**EXERCISE REQUIREMENTS**
In the entries that follow, repeat exactly the lines from the one that has "a view of a" through the one that has "a beach at sunset with water and sand", but omit pictures.

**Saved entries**

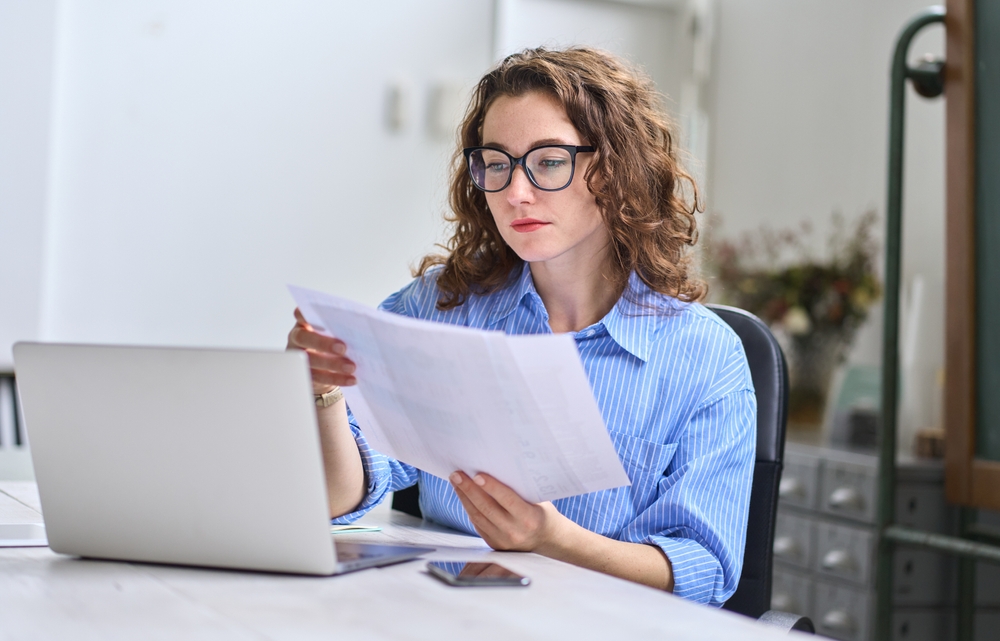 A young busy businesswoman wearing glasses and going through her documents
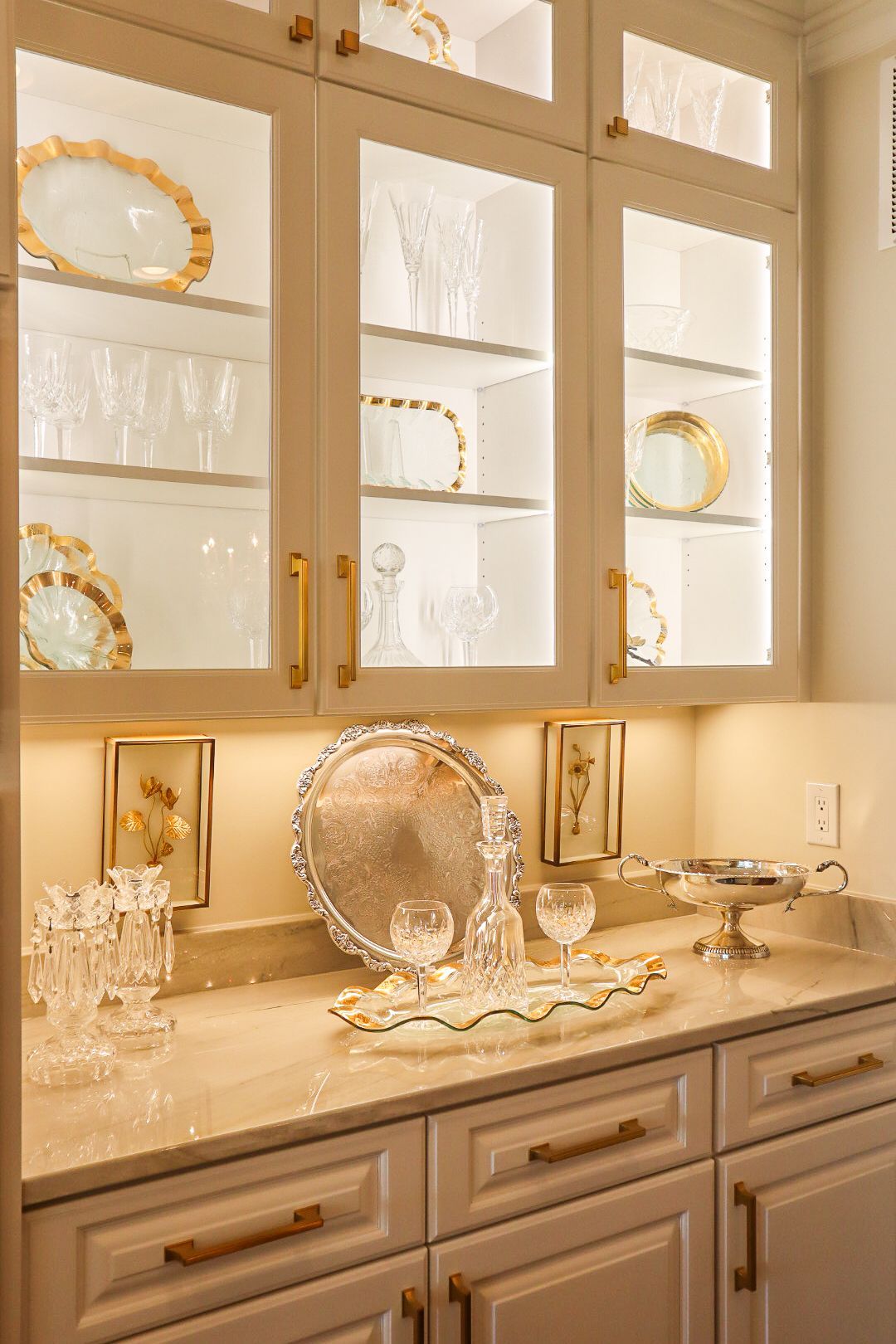 Elegant kitchen hutch with glass doors, dishes, and decorative plates above a marble countertop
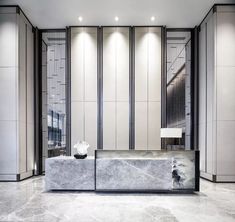 an elegant lobby with marble counter tops and walls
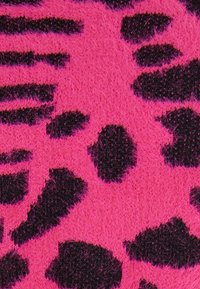 Mönstrad tyg med djärva rosa och svarta leopardprickar. Texturerad yta med en mjuk, fluffig finish. Hög kontrast mellan färger och distinkta former.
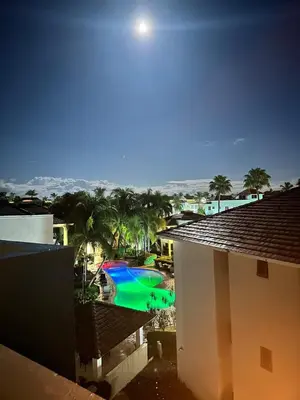 a view of a swimming pool from a building at Eden Caribe Condo, Bavaro Punta Cana in Punta Cana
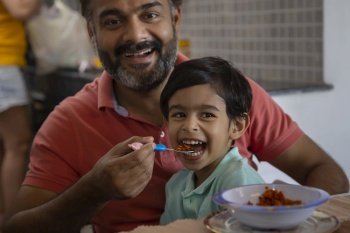Close-up portrait of caring father feeding his son with spoon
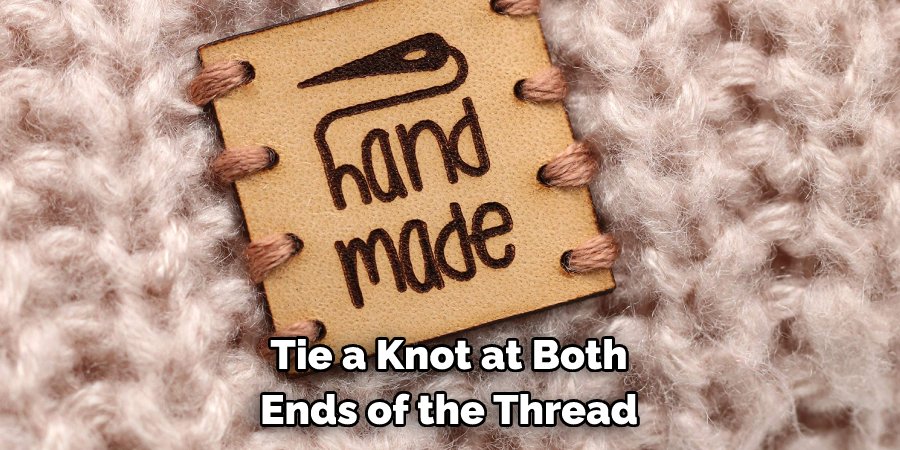Tie a Knot at Both 
Ends of the Thread
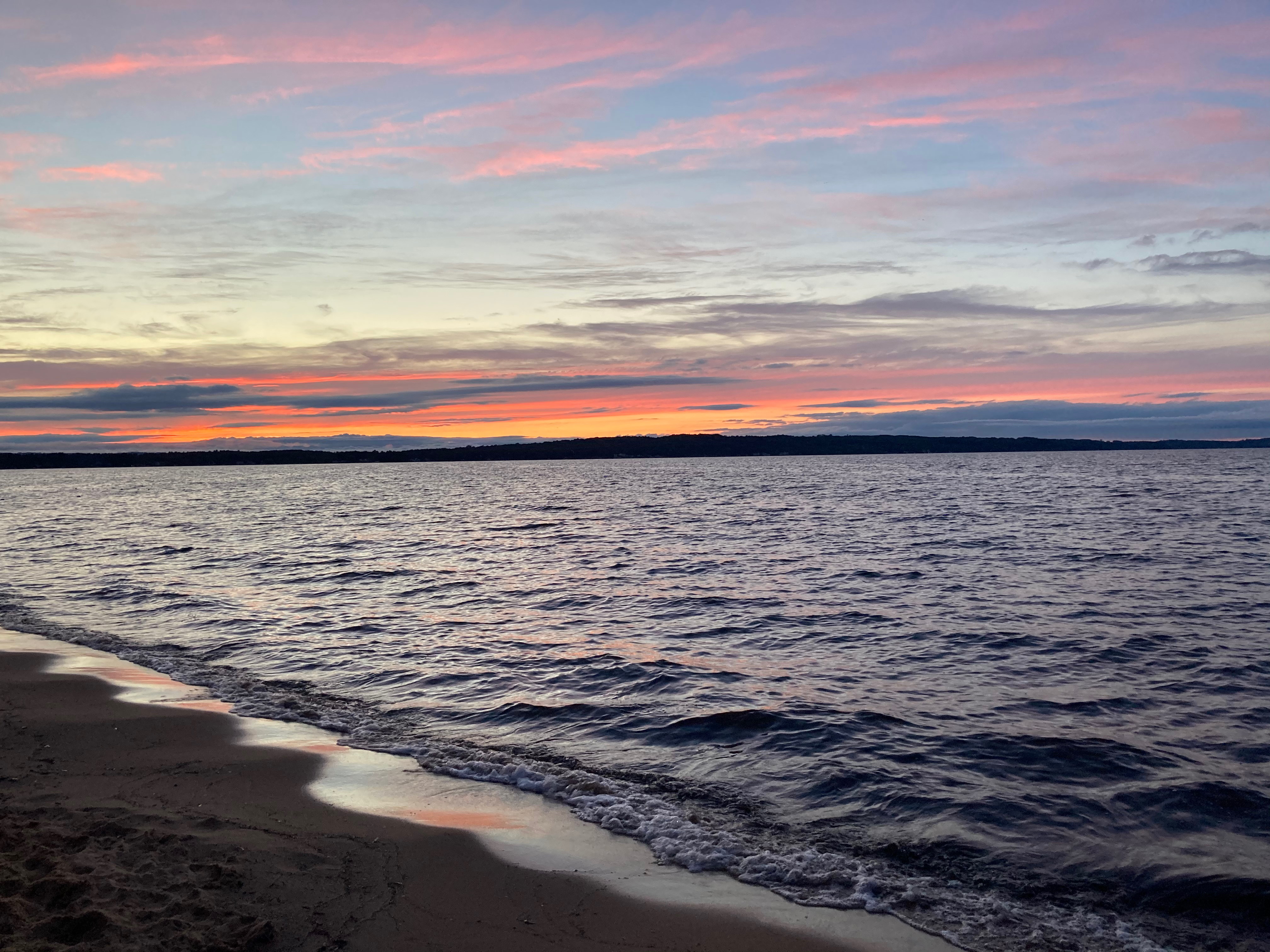 a beach at sunset with water and sand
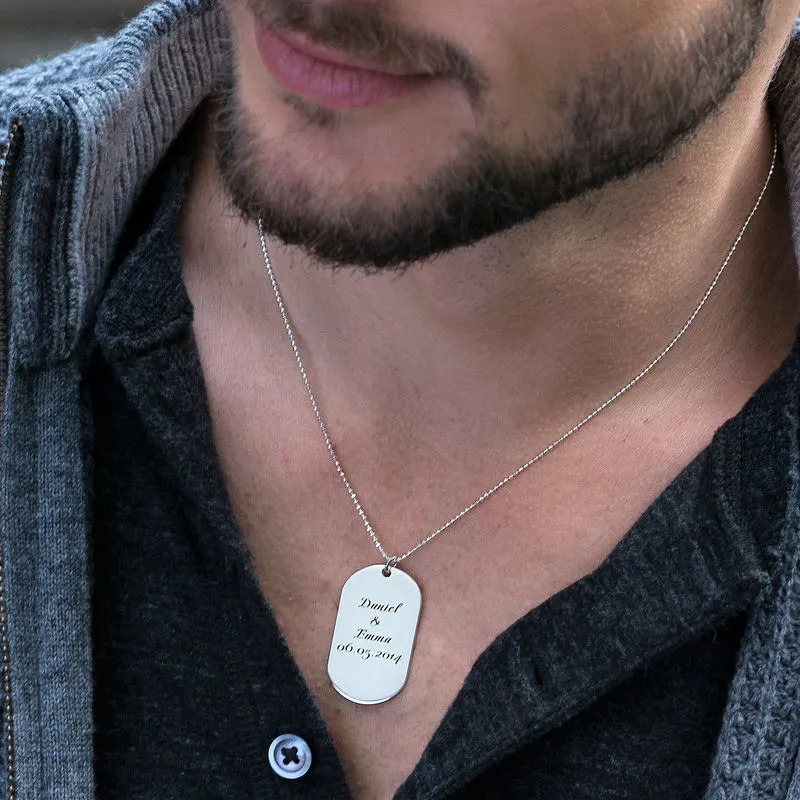 A man wearing a sterling silver necklace with an engraved dog tag pendant 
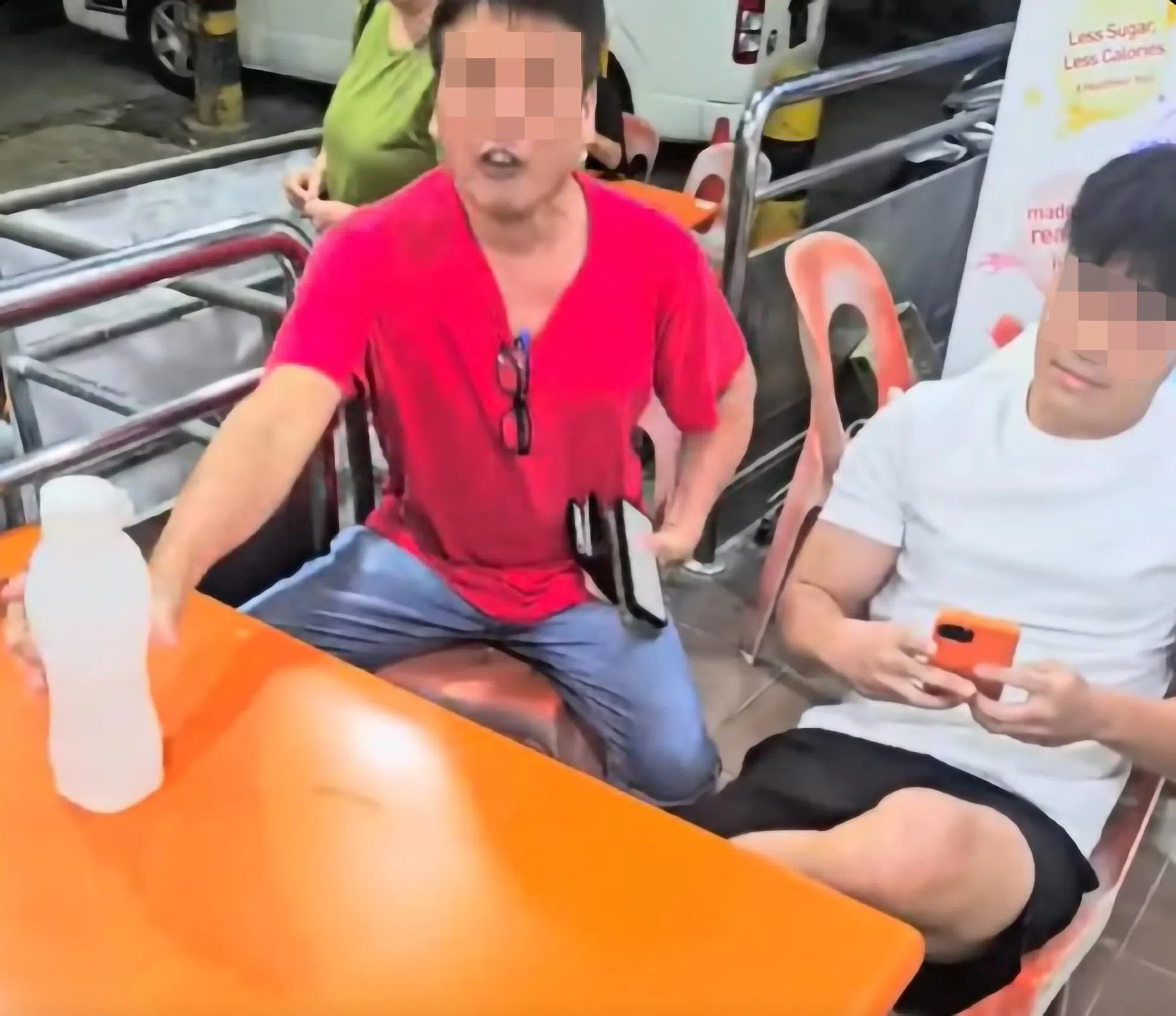 饮料摊主在社媒发布的视频显示，父亲（左）与镜头背后的摊主激烈争吵，情绪激动；儿子在一旁准备好手机，说就等摊主动手拍下视频为证。站在父亲背后的是这家人的母亲，过程中也上前表达不满。（受访摊主提供、视频截图）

**YOUR SOLUTION**
 a view of a swimming pool from a building at Eden Caribe Condo, Bavaro Punta Cana in Punta Cana
Close-up portrait of caring father feeding his son with spoon
Tie a Knot at Both 
Ends of the Thread
 a beach at sunset with water and sand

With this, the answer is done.